> [Exercise inputs]
Content starts

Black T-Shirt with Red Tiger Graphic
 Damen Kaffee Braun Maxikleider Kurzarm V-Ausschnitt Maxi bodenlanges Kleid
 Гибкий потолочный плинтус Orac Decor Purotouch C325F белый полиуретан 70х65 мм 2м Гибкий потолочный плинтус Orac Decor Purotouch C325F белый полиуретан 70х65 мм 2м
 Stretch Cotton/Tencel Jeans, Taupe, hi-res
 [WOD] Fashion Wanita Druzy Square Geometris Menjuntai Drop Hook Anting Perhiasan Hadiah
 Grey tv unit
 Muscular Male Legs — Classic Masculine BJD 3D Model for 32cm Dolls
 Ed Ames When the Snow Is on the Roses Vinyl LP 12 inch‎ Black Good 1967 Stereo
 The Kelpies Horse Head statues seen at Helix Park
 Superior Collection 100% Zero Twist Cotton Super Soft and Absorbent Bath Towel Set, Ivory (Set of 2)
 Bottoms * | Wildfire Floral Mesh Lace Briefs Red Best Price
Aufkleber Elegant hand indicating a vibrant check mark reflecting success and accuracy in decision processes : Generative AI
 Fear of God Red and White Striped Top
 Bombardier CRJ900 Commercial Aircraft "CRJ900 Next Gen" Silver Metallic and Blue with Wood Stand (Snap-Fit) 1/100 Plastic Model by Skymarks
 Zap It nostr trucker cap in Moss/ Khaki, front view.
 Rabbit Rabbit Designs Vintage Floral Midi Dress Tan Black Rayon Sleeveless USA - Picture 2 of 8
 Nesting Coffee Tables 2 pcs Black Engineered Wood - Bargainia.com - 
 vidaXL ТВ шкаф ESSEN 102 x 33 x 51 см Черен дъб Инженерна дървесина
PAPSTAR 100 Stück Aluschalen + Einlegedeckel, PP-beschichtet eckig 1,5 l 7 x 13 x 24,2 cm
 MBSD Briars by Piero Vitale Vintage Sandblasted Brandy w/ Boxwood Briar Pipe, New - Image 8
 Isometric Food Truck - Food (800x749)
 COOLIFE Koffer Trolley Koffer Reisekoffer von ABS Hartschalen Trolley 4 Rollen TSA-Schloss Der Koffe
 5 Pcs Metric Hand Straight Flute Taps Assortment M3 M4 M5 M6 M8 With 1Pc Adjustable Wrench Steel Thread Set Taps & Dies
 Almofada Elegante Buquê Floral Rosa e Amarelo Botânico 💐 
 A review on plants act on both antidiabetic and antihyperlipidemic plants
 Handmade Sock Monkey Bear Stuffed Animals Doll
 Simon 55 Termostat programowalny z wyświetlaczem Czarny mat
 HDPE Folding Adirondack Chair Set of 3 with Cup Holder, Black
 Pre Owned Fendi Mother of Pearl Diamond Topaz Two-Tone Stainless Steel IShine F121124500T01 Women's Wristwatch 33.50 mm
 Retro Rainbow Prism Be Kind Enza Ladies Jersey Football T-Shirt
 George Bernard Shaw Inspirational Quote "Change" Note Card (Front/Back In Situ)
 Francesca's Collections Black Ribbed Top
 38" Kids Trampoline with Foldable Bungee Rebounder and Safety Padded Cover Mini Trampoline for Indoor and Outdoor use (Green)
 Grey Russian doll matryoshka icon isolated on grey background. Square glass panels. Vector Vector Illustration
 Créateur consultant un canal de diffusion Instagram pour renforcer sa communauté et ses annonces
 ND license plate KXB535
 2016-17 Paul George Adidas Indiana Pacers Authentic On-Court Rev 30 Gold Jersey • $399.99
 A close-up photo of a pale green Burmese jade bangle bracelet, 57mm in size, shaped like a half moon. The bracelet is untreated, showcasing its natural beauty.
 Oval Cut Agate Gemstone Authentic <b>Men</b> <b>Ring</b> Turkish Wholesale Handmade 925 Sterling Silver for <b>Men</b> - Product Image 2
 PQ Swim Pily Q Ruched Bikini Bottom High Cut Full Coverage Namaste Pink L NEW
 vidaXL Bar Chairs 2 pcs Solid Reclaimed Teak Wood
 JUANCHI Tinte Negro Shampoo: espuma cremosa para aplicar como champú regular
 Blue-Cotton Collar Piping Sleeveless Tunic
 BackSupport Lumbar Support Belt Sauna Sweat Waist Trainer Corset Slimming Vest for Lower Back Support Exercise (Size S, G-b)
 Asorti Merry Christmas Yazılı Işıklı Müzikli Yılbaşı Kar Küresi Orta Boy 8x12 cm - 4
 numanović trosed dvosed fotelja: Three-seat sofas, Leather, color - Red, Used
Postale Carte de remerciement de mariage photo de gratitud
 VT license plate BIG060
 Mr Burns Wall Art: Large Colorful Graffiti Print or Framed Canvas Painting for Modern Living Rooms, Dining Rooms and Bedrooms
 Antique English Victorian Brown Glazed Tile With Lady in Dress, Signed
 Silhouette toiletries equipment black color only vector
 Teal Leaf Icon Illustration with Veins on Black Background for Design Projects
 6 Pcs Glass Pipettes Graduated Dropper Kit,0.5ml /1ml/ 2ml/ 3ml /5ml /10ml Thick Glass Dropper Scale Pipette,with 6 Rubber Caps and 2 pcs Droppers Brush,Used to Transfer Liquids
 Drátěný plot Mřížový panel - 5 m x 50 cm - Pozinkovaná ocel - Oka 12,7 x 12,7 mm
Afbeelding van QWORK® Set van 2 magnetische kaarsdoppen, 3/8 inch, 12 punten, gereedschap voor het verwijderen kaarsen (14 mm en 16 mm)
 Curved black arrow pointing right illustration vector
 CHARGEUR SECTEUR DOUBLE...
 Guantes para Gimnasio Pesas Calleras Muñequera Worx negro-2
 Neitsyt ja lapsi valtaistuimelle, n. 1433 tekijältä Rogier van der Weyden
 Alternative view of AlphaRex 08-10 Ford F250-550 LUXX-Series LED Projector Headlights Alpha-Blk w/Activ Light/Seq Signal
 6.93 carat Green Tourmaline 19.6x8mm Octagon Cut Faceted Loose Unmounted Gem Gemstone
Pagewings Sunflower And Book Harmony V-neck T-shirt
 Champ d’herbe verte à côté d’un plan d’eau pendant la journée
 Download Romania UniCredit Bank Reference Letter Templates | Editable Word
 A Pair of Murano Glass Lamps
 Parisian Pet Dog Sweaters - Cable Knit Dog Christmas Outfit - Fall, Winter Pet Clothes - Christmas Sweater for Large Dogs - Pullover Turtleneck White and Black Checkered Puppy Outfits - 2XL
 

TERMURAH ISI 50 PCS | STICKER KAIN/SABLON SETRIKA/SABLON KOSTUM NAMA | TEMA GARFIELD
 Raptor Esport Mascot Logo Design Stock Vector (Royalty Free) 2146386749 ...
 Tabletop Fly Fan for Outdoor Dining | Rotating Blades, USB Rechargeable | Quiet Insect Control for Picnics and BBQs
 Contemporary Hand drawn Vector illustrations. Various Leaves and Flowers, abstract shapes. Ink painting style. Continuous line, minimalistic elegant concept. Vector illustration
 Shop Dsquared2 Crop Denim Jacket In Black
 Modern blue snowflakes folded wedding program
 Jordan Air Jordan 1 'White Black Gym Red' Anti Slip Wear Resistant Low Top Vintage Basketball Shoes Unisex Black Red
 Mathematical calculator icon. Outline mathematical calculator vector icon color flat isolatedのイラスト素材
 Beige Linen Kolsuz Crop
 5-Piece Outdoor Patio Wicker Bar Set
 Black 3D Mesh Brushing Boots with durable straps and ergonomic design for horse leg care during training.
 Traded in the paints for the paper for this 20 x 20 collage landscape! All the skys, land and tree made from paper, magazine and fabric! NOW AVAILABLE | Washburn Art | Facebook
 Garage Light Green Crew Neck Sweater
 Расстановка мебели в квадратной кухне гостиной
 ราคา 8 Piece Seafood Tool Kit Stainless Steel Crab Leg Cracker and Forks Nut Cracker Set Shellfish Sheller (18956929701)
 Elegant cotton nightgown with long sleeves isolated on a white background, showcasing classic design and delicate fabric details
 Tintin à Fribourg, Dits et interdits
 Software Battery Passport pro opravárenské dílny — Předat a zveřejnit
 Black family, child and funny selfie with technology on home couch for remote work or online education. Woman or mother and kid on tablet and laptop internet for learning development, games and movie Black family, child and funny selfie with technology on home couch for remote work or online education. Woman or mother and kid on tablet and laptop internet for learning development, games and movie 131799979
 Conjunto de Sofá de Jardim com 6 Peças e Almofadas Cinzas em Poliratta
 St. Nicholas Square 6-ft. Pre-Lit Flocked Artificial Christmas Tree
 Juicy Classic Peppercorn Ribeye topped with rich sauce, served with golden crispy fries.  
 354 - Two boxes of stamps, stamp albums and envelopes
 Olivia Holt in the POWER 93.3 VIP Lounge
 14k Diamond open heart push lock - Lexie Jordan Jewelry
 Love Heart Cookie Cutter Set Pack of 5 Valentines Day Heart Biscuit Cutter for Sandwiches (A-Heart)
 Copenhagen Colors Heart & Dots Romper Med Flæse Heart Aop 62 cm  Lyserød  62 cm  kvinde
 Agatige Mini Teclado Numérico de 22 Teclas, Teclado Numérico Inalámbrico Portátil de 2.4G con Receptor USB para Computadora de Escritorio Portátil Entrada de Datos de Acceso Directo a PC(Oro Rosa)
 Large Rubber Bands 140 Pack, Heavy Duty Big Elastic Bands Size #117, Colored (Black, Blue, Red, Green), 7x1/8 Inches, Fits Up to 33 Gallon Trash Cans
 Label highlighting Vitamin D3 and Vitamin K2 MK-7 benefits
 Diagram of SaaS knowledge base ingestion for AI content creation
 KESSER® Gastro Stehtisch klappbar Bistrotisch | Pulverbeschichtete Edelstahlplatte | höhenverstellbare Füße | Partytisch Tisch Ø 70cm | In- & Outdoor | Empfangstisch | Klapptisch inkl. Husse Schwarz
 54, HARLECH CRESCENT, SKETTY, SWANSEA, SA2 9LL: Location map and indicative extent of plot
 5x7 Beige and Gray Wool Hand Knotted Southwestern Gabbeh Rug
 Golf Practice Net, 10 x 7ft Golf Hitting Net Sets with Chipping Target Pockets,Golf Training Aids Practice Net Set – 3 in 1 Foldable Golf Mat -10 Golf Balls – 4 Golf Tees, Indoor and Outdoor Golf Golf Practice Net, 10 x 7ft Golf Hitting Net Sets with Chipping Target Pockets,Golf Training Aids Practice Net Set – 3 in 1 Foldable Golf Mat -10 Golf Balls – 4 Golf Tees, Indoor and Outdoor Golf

Content ends

> [Task instructions]
All lines in the data above from the one with "Curved black arrow" through the one with "Pagewings Sunflower And" must be repeated exactly, and no others.

> [Your solution]
 Curved black arrow pointing right illustration vector
 CHARGEUR SECTEUR DOUBLE...
 Guantes para Gimnasio Pesas Calleras Muñequera Worx negro-2
 Neitsyt ja lapsi valtaistuimelle, n. 1433 tekijältä Rogier van der Weyden
 Alternative view of AlphaRex 08-10 Ford F250-550 LUXX-Series LED Projector Headlights Alpha-Blk w/Activ Light/Seq Signal
 6.93 carat Green Tourmaline 19.6x8mm Octagon Cut Faceted Loose Unmounted Gem Gemstone
Pagewings Sunflower And Book Harmony V-neck T-shirt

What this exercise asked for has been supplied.